Dave Weigel, the new Washington Post blogger (whose bosses want him and his new co-workers to take aim at brands like Politico), finds himself in a heap of trouble, or whatever, after calling people who don’t believe in marriage equality “bigots.” Which is a silly thing to get upset over, because people who endorse discrimination are, by the very definition of the work, bigots.
No, really. That’s what it means to be a bigot: “one who regards or treats the members of a group (as a racial or ethnic group) with hatred and intolerance.” Conservatives can dress up their defense of “traditional marriage” any way they want to, but it’s folks like Weigel who are guilty of nothing more than practicing journalism by calling shots when they see it.
The backlash against Weigel — hired away from the Washington Independent, where his job was to cover the right-wing — began with this tweet, which was followed by angry folks at Newsbusters, the right-wing version of MediaMatters, followed by the conservative AOL political blog Politics Daily, among others.
“Perhaps Weigel will turn out two decades from now to have been prescient,” writes Matt Lewis at Politics Daily, “but ‘bigot’ is awfully strong language for a person who is making the case for tolerance – and this comment simply reinforced a longstanding view among social conservatives that The Washington Post and most of the rest of the mainstream media are not only implacably opposed to their policy agenda, but personally hostile to them as well.”
Wrong. Wiegel is, this very minute, “prescient.” He is calling out bigotry where he sees it, and he should be commended for doing so. It’s about time reporters begin identifying opposition to same-sex marriage as a religious-based affront to equality. Fifty years ago, maybe we wouldn’t have called interracial marriage opponents “bigots”; today, we would, and should, do exactly that. BECAUSE THAT IS WHAT THESE PEOPLE ARE.
Concerned Women for America’s chief Penny Nance — A CAPITAL-B BIGOT — has the audacity to tell a reporter: “If (Weigel) ever tweeted that African-Americans are bigots on this issue he would no longer be employed by The Washington Post. His own arrogance disqualifies him as a serious journalist assigned to covering conservatives . . . for The Washington Post to assign him to cover Concerned Women for America is like assigning a weasel to watch the hen house.” Lady, your own advocating for the destruction of women’s rights disqualifies you to speak on behalf of women, let alone black Americans.
So it’s too bad that Wiegel is now caving — and apologizing for identifying marriage equality opponents.
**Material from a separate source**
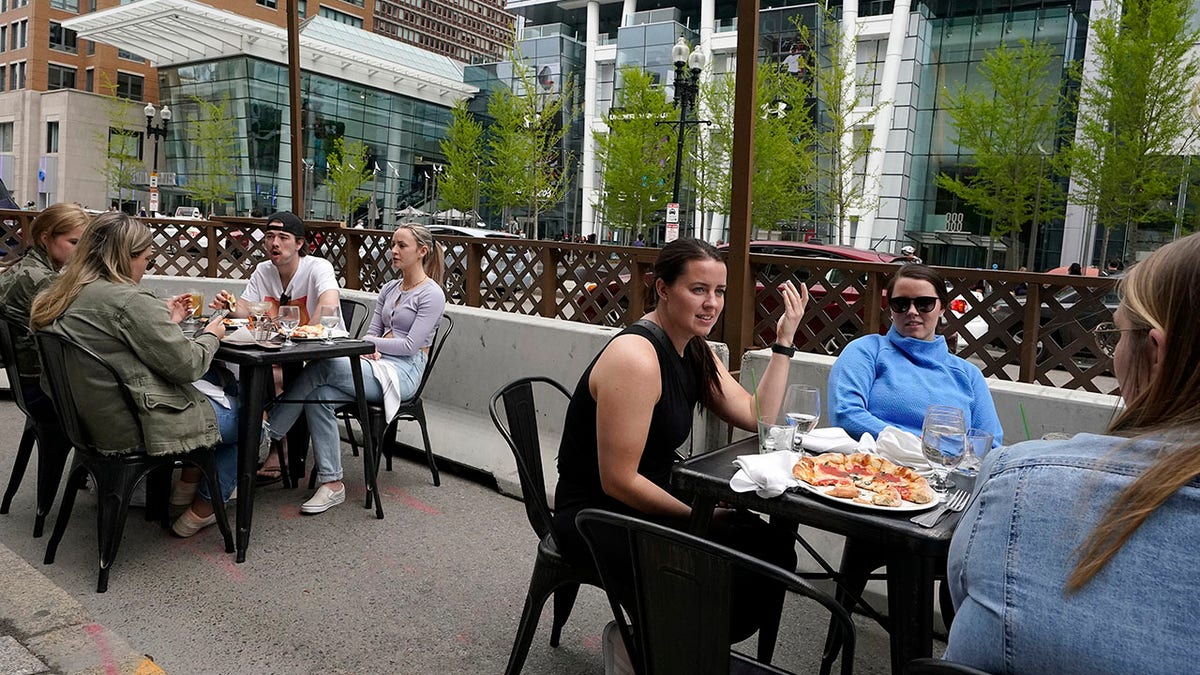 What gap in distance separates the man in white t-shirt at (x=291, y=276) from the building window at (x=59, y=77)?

Over the weekend, I got an e-mail from one of the organizations that campaign against gay marriage. The tone was boastful and celebratory about the push for a same-sex marriage ban in Minnesota. It irritated me enough that I tweeted: “I can empathize with everyone I cover except for the anti-gay marriage bigots. In 20 years no one will admit they were part of that.”
That comment offended some people, so I want to do two things. First, I apologize for calling same-sex-marriage opponents “bigots.” I was specifically referring to people who spend their working hours opposing gay marriage, not just people who vote to ban it. But those people aren’t bigots, either.
Second, let me explain what it meant. I’m a bystander in the same-sex marriage debate — I haven’t given to any cause on either side. But in 2006 I did vote against a Virginia same-sex marriage amendment, which passed. I didn’t, and don’t, think social issues should be subjected to votes like that. I don’t support much direct democracy in general — this is a republic, and we shouldn’t throw these kinds of decisions to the electorate at large.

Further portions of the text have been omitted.